Das mysteriöse Veto im Ministerrat

Es steht nirgendwo: Aber in einer Allparteienregierung könnte jeder blockieren.

Wien. Aus der steirischen ÖVP kommt die Forderung nach einer Konzentrationsregierung, bei der alle Parteien vertreten sind. Auch ÖVP-Chef Josef Pröll hält sie – theoretisch – für eine Option. Sogar die Industriellenvereinigung steht der Idee „aufgeschlossen“ gegenüber. Aber: Eine Konzentrationsregierung würde für Probleme sorgen. Im Ministerrat müssen Beschlüsse einstimmig fallen, jede Partei könnte im Alleingang Regierungsbeschlüsse blockieren.

Doch wo steht eigentlich, dass Beschlüsse im Ministerrat einstimmig fallen müssen? „Das steht an sich nirgends“, erklärt Staatsrechtsexperte Theo Öhlinger. Und doch sei die Regel Verfassungsrecht. Hans Kelsen – er gilt als Vater der Verfassung – habe die Einstimmigkeit aus der Ministerverantwortlichkeit geschlossen. Ein anderer Ansatz sei, dass die Einstimmigkeit schlicht Verfassungsgewohnheitsrecht ist. Es gebe jedenfalls momentan keinen Juristen, der die Einstimmigkeit in Frage stellen würde, so Öhlinger. Man könnte diese nur mit Zweidrittelmehrheit im Nationalrat abschaffen.

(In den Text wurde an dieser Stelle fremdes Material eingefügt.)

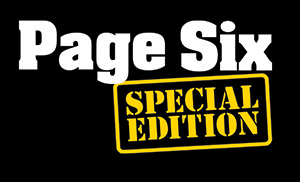 Page Six Special Edition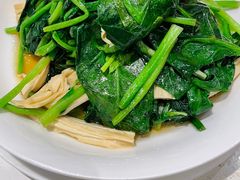 酒香腐竹菠菜-鼎泰丰(环贸店)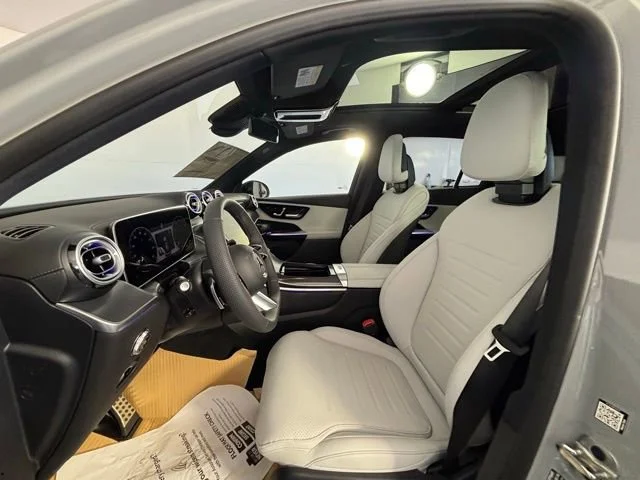 New 2026 MANUFAKTUR Alpine Grey Mercedes-Benz GLC 300 image 53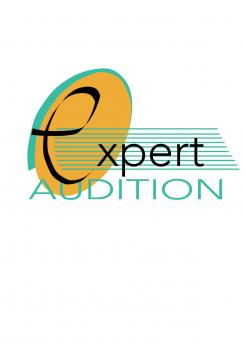 Logo & stationery # 968475 for audioprosthesis store   Expert audition   contest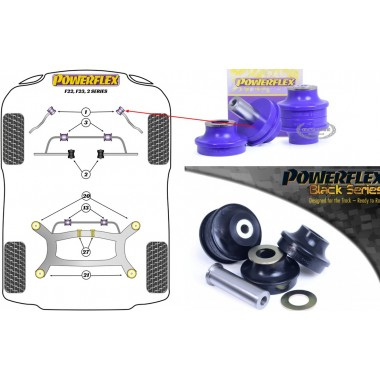 BMW - SERIE 2 - F22/F23/F87 2WD 2013> (KIT 2 PE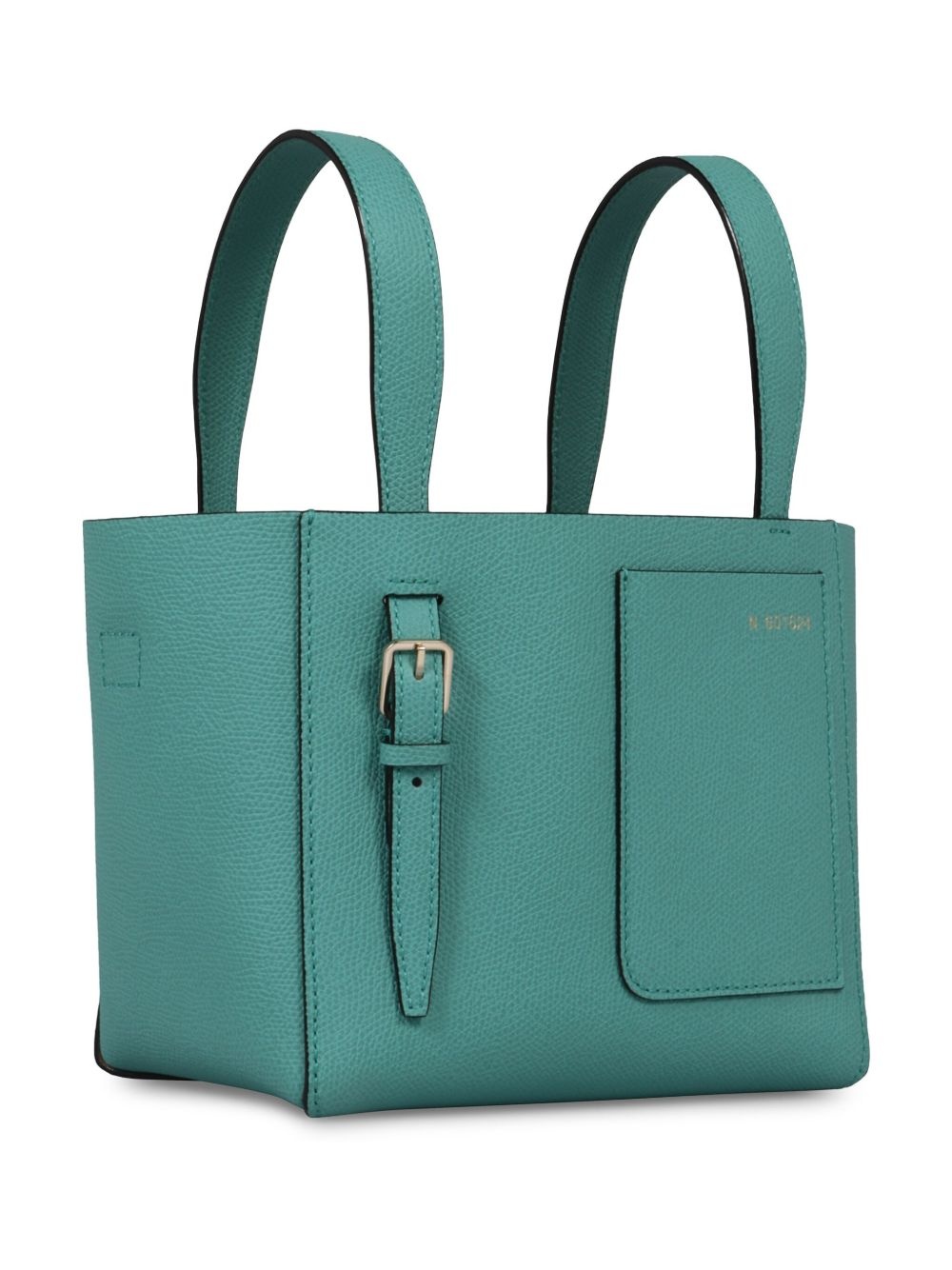micro Soft bucket bag - 3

Freilich: Gesetze könnte man auch abseits des Ministerrats beschließen, indem man im Parlament Initiativanträge einbringt. Aber dann müssten sich die Parteien beliebig Mehrheiten für ihre Anträge suchen. Die Folge wäre ein Basar, wie ihn das Parlament in der letzten Sitzung vor der Wahl erlebte. Gerade Aufgabe von Regierungsparteien sei es aber, zusammenhängende Gesetze zu beschließen, warnt Öhlinger. Überdies können bestimmte Beschlüsse nur vom Ministerrat gefällt werden – etwa die Anfechtung von Landesgesetzen beim Verfassungsgerichtshof.

Keine Einstimmigkeit in Ländern

In fünf Bundesländern gibt es Proporzregierungen, in der alle Parteien ab einer gewissen Stärke vertreten sind. Hier ist für Regierungsbeschlüsse aber nur die einfache Mehrheit nötig. Ein internationales Beispiel für eine Konzentrationsregierung ist die Schweiz. Dort ist jedoch das gesamte System anders aufgebaut. Und Einstimmigkeit braucht die Schweizer Regierung auch nicht.